§ Exercise description
Repeat all of the data exactly. Leave nothing out.

(Items from a data source)
= = = = =

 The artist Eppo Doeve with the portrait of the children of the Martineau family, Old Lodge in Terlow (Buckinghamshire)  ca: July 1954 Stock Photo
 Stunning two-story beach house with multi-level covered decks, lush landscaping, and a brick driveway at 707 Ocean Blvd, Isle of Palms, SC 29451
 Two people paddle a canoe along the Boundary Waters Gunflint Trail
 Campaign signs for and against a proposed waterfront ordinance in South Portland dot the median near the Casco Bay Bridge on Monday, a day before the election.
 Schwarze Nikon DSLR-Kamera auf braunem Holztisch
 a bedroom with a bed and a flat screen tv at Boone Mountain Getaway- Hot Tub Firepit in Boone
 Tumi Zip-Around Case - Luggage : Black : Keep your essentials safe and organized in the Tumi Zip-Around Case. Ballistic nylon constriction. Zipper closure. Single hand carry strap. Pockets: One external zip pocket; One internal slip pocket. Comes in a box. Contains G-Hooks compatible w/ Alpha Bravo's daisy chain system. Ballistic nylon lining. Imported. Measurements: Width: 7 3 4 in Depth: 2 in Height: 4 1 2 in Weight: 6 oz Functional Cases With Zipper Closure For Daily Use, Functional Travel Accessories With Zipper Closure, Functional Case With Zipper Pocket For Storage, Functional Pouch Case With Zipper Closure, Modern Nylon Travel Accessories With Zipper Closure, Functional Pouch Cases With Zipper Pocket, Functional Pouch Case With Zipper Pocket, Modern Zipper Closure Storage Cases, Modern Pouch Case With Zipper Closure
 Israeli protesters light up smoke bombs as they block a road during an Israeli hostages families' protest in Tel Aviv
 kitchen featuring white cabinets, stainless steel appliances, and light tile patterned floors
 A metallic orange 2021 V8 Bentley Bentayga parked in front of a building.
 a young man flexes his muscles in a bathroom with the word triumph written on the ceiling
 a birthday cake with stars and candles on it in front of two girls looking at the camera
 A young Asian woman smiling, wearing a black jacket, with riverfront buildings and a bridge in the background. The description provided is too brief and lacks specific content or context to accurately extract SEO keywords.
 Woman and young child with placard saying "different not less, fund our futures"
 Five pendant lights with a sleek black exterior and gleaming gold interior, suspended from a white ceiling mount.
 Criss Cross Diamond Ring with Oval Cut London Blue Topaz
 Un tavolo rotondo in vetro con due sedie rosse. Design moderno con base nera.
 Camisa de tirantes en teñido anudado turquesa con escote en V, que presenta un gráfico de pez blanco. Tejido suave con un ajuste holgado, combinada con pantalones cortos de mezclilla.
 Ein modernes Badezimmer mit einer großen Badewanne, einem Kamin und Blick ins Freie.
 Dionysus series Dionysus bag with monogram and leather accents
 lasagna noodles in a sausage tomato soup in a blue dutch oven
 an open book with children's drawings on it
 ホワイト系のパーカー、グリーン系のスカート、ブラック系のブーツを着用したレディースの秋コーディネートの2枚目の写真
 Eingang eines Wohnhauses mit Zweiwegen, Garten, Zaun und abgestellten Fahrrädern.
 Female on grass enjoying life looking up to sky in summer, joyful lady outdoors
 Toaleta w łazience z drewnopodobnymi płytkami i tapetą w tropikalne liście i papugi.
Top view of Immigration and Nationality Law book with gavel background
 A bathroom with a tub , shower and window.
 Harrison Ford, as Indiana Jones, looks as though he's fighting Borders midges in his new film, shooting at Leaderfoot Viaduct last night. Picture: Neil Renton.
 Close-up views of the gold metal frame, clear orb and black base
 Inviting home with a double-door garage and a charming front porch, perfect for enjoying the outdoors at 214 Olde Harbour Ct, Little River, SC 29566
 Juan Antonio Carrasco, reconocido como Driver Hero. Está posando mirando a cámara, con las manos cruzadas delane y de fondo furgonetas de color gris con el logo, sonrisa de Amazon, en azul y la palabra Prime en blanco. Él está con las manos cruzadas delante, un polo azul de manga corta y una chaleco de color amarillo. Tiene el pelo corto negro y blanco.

= = = = =

§ Reply to the task
 The artist Eppo Doeve with the portrait of the children of the Martineau family, Old Lodge in Terlow (Buckinghamshire)  ca: July 1954 Stock Photo
 Stunning two-story beach house with multi-level covered decks, lush landscaping, and a brick driveway at 707 Ocean Blvd, Isle of Palms, SC 29451
 Two people paddle a canoe along the Boundary Waters Gunflint Trail
 Campaign signs for and against a proposed waterfront ordinance in South Portland dot the median near the Casco Bay Bridge on Monday, a day before the election.
 Schwarze Nikon DSLR-Kamera auf braunem Holztisch
 a bedroom with a bed and a flat screen tv at Boone Mountain Getaway- Hot Tub Firepit in Boone
 Tumi Zip-Around Case - Luggage : Black : Keep your essentials safe and organized in the Tumi Zip-Around Case. Ballistic nylon constriction. Zipper closure. Single hand carry strap. Pockets: One external zip pocket; One internal slip pocket. Comes in a box. Contains G-Hooks compatible w/ Alpha Bravo's daisy chain system. Ballistic nylon lining. Imported. Measurements: Width: 7 3 4 in Depth: 2 in Height: 4 1 2 in Weight: 6 oz Functional Cases With Zipper Closure For Daily Use, Functional Travel Accessories With Zipper Closure, Functional Case With Zipper Pocket For Storage, Functional Pouch Case With Zipper Closure, Modern Nylon Travel Accessories With Zipper Closure, Functional Pouch Cases With Zipper Pocket, Functional Pouch Case With Zipper Pocket, Modern Zipper Closure Storage Cases, Modern Pouch Case With Zipper Closure
 Israeli protesters light up smoke bombs as they block a road during an Israeli hostages families' protest in Tel Aviv
 kitchen featuring white cabinets, stainless steel appliances, and light tile patterned floors
 A metallic orange 2021 V8 Bentley Bentayga parked in front of a building.
 a young man flexes his muscles in a bathroom with the word triumph written on the ceiling
 a birthday cake with stars and candles on it in front of two girls looking at the camera
 A young Asian woman smiling, wearing a black jacket, with riverfront buildings and a bridge in the background. The description provided is too brief and lacks specific content or context to accurately extract SEO keywords.
 Woman and young child with placard saying "different not less, fund our futures"
 Five pendant lights with a sleek black exterior and gleaming gold interior, suspended from a white ceiling mount.
 Criss Cross Diamond Ring with Oval Cut London Blue Topaz
 Un tavolo rotondo in vetro con due sedie rosse. Design moderno con base nera.
 Camisa de tirantes en teñido anudado turquesa con escote en V, que presenta un gráfico de pez blanco. Tejido suave con un ajuste holgado, combinada con pantalones cortos de mezclilla.
 Ein modernes Badezimmer mit einer großen Badewanne, einem Kamin und Blick ins Freie.
 Dionysus series Dionysus bag with monogram and leather accents
 lasagna noodles in a sausage tomato soup in a blue dutch oven
 an open book with children's drawings on it
 ホワイト系のパーカー、グリーン系のスカート、ブラック系のブーツを着用したレディースの秋コーディネートの2枚目の写真
 Eingang eines Wohnhauses mit Zweiwegen, Garten, Zaun und abgestellten Fahrrädern.
 Female on grass enjoying life looking up to sky in summer, joyful lady outdoors
 Toaleta w łazience z drewnopodobnymi płytkami i tapetą w tropikalne liście i papugi.
Top view of Immigration and Nationality Law book with gavel background
 A bathroom with a tub , shower and window.
 Harrison Ford, as Indiana Jones, looks as though he's fighting Borders midges in his new film, shooting at Leaderfoot Viaduct last night. Picture: Neil Renton.
 Close-up views of the gold metal frame, clear orb and black base
 Inviting home with a double-door garage and a charming front porch, perfect for enjoying the outdoors at 214 Olde Harbour Ct, Little River, SC 29566
 Juan Antonio Carrasco, reconocido como Driver Hero. Está posando mirando a cámara, con las manos cruzadas delane y de fondo furgonetas de color gris con el logo, sonrisa de Amazon, en azul y la palabra Prime en blanco. Él está con las manos cruzadas delante, un polo azul de manga corta y una chaleco de color amarillo. Tiene el pelo corto negro y blanco.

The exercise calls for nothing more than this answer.